Question

The vapour pressure of water at room temperature is 23.8mm of hg the vapour pressure of an aqueous solution of sucrose with mole fraction 0.1

Answer 1

Answer:- Solution vapor pressure is 21.42 mmHg.

Solution:- From Raoult's law, "Relative lowering of vapor pressure is directly proportional to the mole fraction of the solute."

$\frac{(P^0-P_s)}{P^0}=x$

where, $P^0$ is the vapor pressure of pure solvent, $P_s$ is the vapor pressure of the solution and $x$ is the mole fraction of the solute.

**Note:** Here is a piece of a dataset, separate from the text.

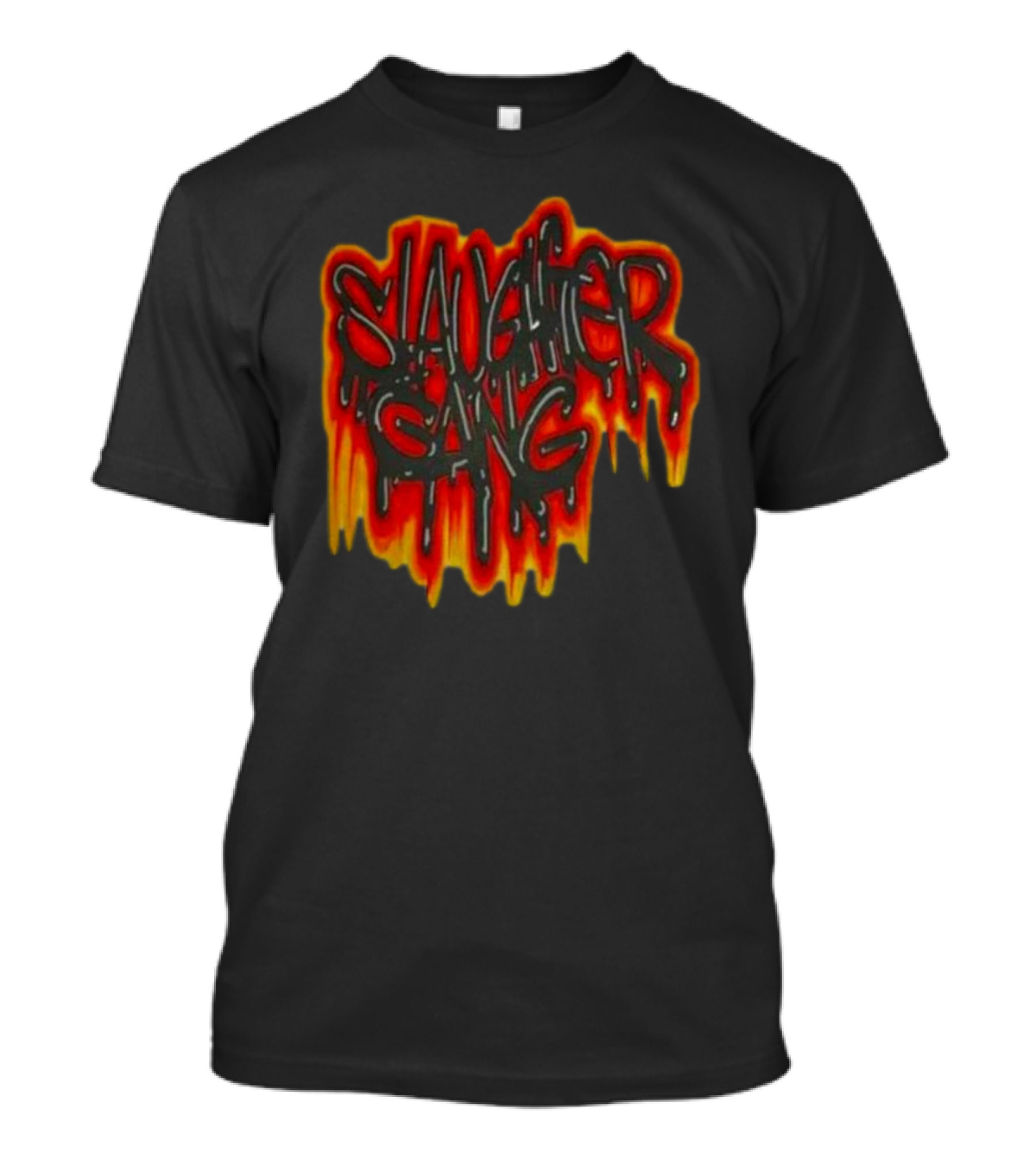 Iaab Tour Merch 21 Savage Drip Slaughter Gang Graffiti Flame T-Shirt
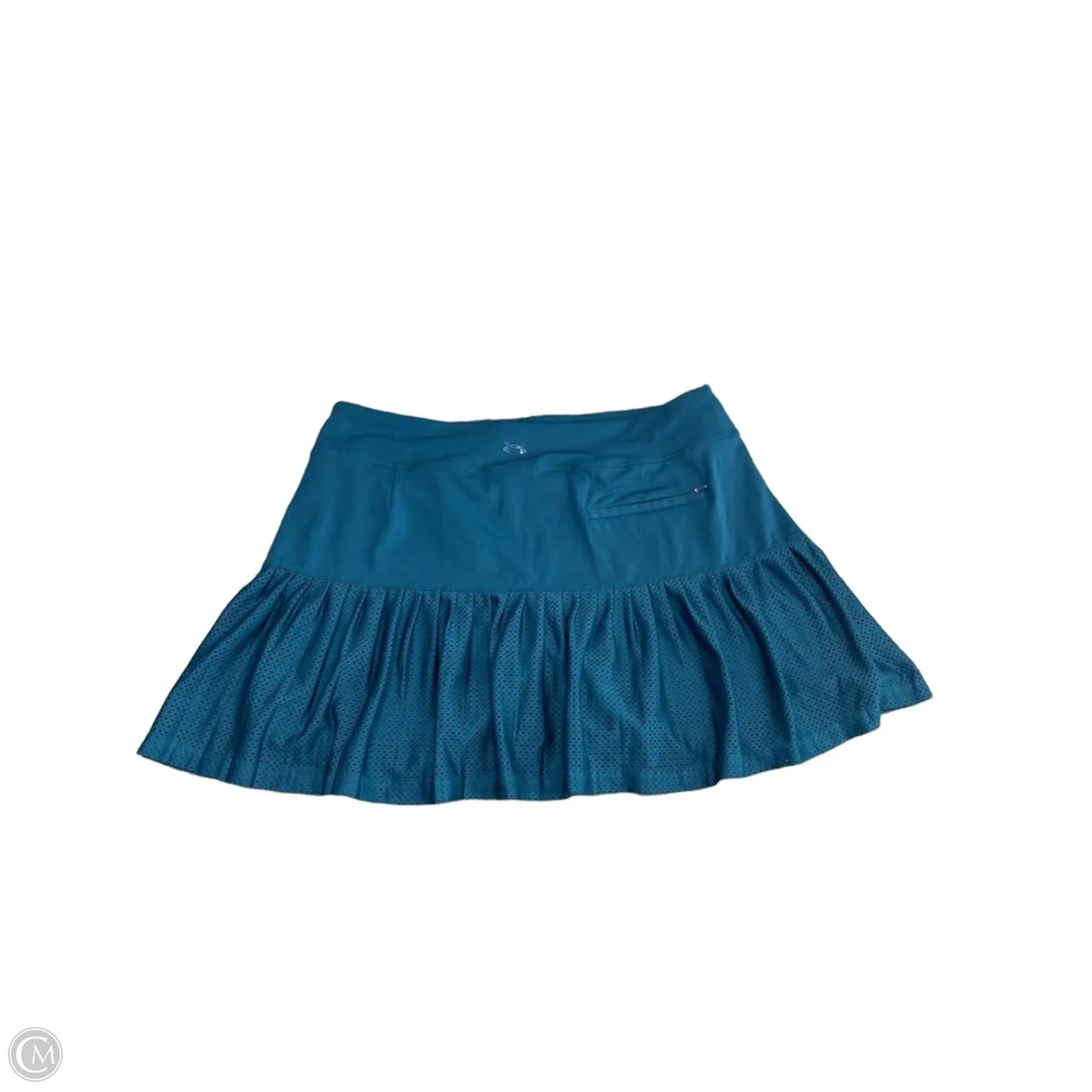 Athletic Skort By Under Armour In Teal, Size: L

From given data, vapor pressure of the pure solvent is 23.8 mmHg and the mole fraction of the solute is 0.1. We are asked to calculate the vapor pressure of the aqueous solution of glucose. let's plug in the values in the formula:

$\frac{(23.8-P_s)}{23.8}=0.1$

On cross multiply:

$(23.8-P_s)=0.1(23.8)$

$(23.8-P_s)=2.38$

$P_s=23.8-2.38$

$P_s=21.42$

So, the vapor pressure of the aqueous solution of glucose is 21.42 mmHg.

Answer 2

Given that,

$P_{w} = 23.8$

Mole fraction

$x_{2} = 0.1$

We know the relative lowering in vapor pressure

$x_{2} =  \frac{P_{w} - P_{s} }{P_{w} }$

On substituting all values in above formula

$0.1 = \frac{23.8-P_{s} }{23.8}$

$P_{s} = 23.8-2.38 = 21.42 mm Hg$

So, the vapor pressure of solution = 21.42 mm Hg